У самого берега, где земля была более влажной и даже мокрой, пчелы не садились. Их привлекала подсыхающая почва, где соли были в концентрированном растворе. На ней пчелы собирались по нескольку сотен штук. Громкий и стройный оркестр их крыльев продолжал звучать одним тоном. Какой неукоснимый стандарт! Взмахи крыльев пчел были у всех одинаковой частоты, судя по тону, около 200 в секунду.
Но вот в многоголосый хор ворвалась иная нотка. Ее внесла такая же, как и все остальные, пчела-антофора, но только чуть светлее. Это была цветовая вариация, какую способны различить лишь зоркие глаза специалистов-систематиков. Частота взмахов крыльев у этой пчелы оказалась несколько иной.
К круглому синему озеру слеталось много пчел. Быть может, даже за несколько километров летели они сюда. В большинстве они были порожние, лишь у немногих на голенях задних ног в специальных корзинках хранился груз — комочек яркой цветочной пыльцы.
Наверное, много тысяч лет, с тех пор как существует озеро, пчелы летают сюда за солями, и эти посещения уже давно стали инстинктом.
На конце брюшка поденочки — желтые яички.
После долгого подъема мы на пологой вершине Семинского перевала. Отсюда совсем близко облака, а некоторые вон, уже улеглись на голую, каменистую гору. Вокруг почти синий кедровый лес с зелеными полянками густых трав, цветов и зарослей вереска. Бежит горный ручей, посвистывают бурундуки, кричат кедровки.
Мы решили воспользоваться прозрачной водой ручья и помыть изрядно запыленную машину. Коля таскает брезентовым ведром воду, Зина орудует тряпкой и ворчит на какие-то комочки, которые прилипли к капоту машины и с трудом отмываются. Коля внимательно разглядывает их, потом берет лупу.

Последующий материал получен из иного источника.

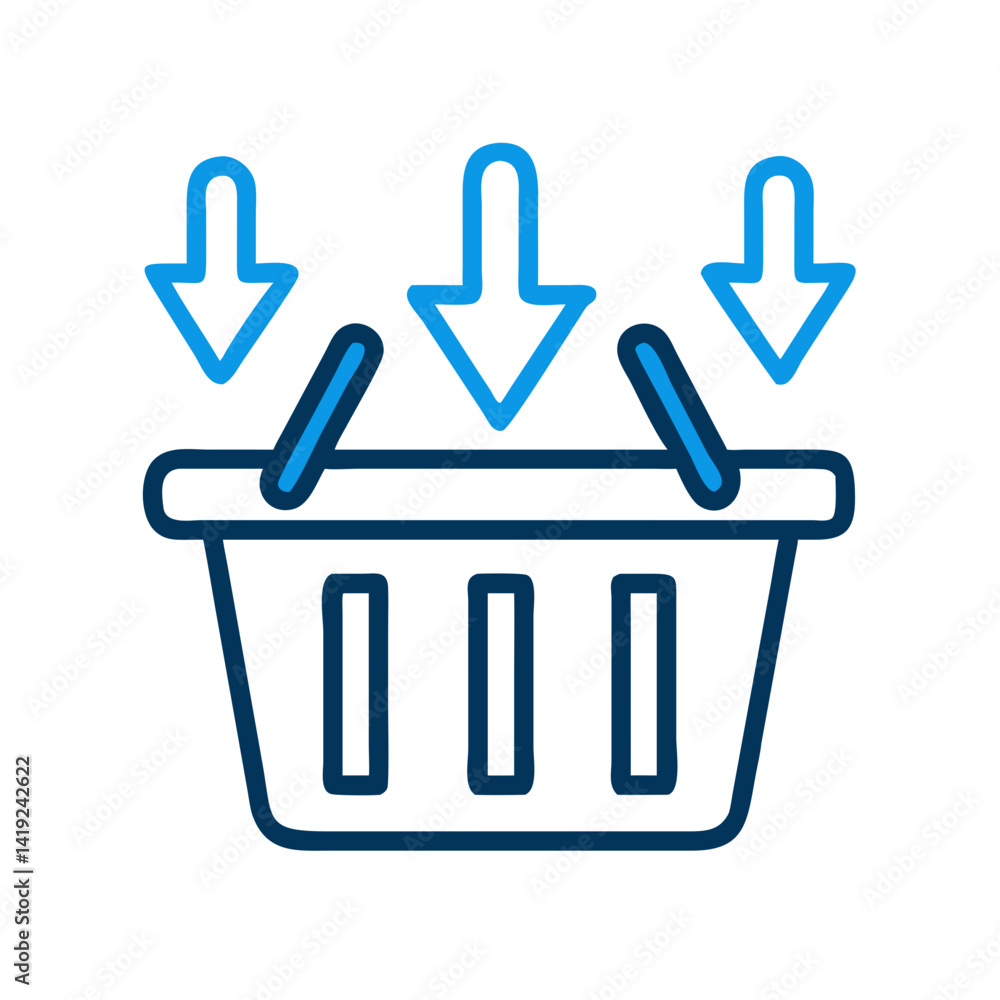 Aufkleber Shopping Basket with Arrows Icon Representing Add to Cart and Online Purchase Action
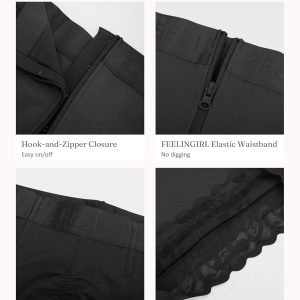 FeelinGirl Shapewear for Women Tummy Control Shorts Butt Lifting Faja Mid-waist Body Shaper with Hook Zipper Closure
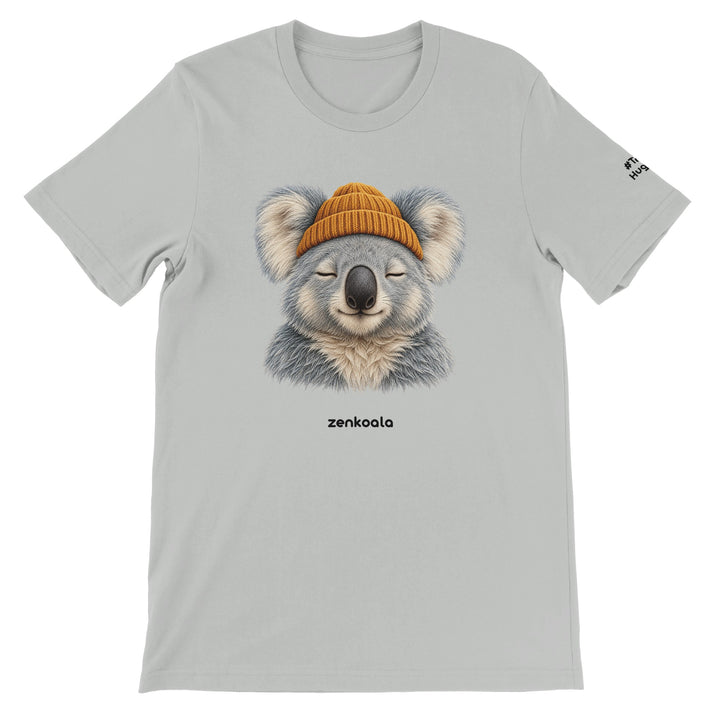 Koala Beanie feel-good tee in silver, Zen Koala Australia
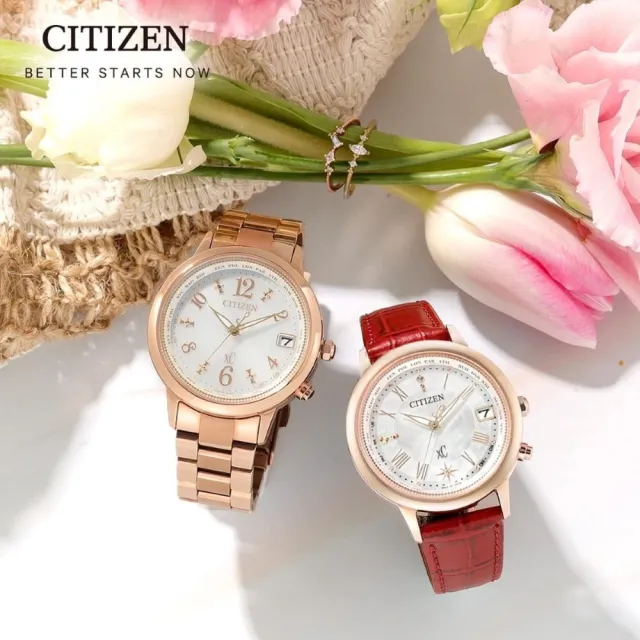 【CITIZEN 星辰】xC 亞洲限定 田馥甄 廣告款 鈦金屬電波女錶 石英錶36mm(CB1107-58A)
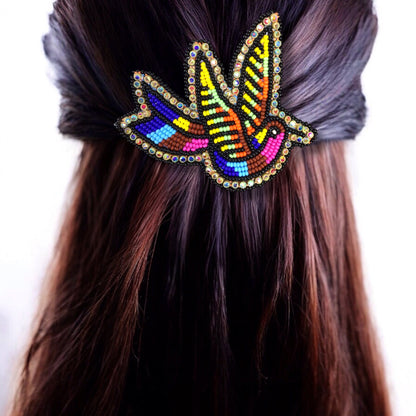 Blue and Pink Beaded Hummingbird Barrette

— Это икра, настоящая икра! — кричит он.
Откуда икре здесь взяться? Не упала же она с неба? Да и почему она только на капоте машины?
В сильную лупу видно, что комочки состоят из множества маленьких, слегка ссохшихся шариков. Это, наверное, яички насекомых. Но как они сюда попали, никто из нас не может объяснить.
Коля фантазирует. Он непременно должен разобраться во всем непонятном. Икра, конечно, упала с дождем. Известны же дожди из рыб, лягушек и даже апельсинов. Ее мог захватить и поднять в воздух с болота вихрь. Быть может, это произошло совсем не здесь, на Алтае, а далеко, где-нибудь в Монголии или Средней Азии.
После обеда мы продолжаем путь. Теперь дорога идет под уклон. Кедровые леса постепенно сменяются лиственничными. Из машины я вижу большой муравейник, и тут обязательно должна быть наша хотя бы кратковременная остановка.